Until now, most Indigneous territories in Canada have been omitted from Google Maps, but a new initiative from the company has begun to change that. More than 3,000 Indigenous lands and territories have been added to Google Maps and Earth.

Over the past seven years Google Earth Outreach has partnered with Indigenous communities, government-sourced data repositories, and experts such as Steve DeRoy from the Firelight Group to gather information to include in the maps. DeRoy, an Anishinaabe cartographer and member of the Ebb and Flow First Nation in Manitoba, says the project has multiple layers of use, one of which is to address identity. “Most people who explore maps like to see their home on those maps,” he says.

But Indigenous communities aren’t always represented, which led DeRoy to ask himself how he could help get these lands recognized on Google’s base maps so when they do that search they can find where they come from.

The need to officially include these lands on Google Maps became increasingly clear after Google began running Indigenous mapping workshops in 2010, which gave Indigenous peoples the tools and training to map their home territories. Some started asking why these weren’t included on Google platforms so the company set out to fix that, with DeRoy acting as an advisor.

The project follows Google’s recent inclusion of Indigenous territories in the United States and Brazil, and involved a long-term process of dialogue and data collection. All of the added territories are federally recognized First Nations reserves and treaty settlements and are searchable on Google Maps, outlined in red and labelled according to current data. This data is largely from government agencies such as Northern Affairs Canada and Natural Resources Canada, who provided the bulk of the information. “Now when you go to Google Maps and Google Earth you’ll be able to see that data actually as part of the maps,” says DeRoy.

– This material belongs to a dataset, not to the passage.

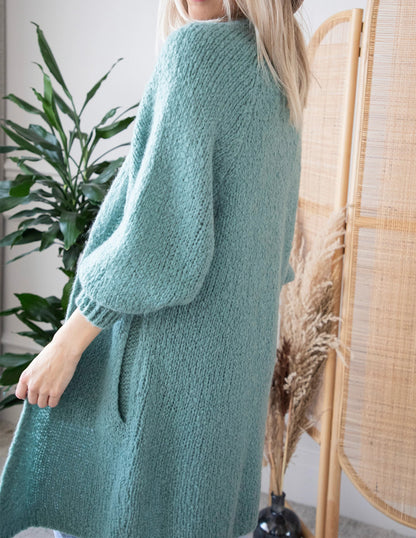 Damen Oversized Strickmantel mit lässigem V-Ausschnitt und luftiger Maschenstruktur Merchesia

The initiative is an important step in the right direction as the country celebrates its sesquicentennial. “We’re talking about thousands of years of occupation of Indigenous people in North America, and to be recognized on those maps—it’s one step closer towards reconciliation.”

The project is an ongoing process, and those communities who would like to add their lands to the maps or update existing areas are encouraged to reach out to those involved in the project.

For now, DeRoy is hoping to inspire other regions to follow suit: “I would love to see this on a global scale,” he says.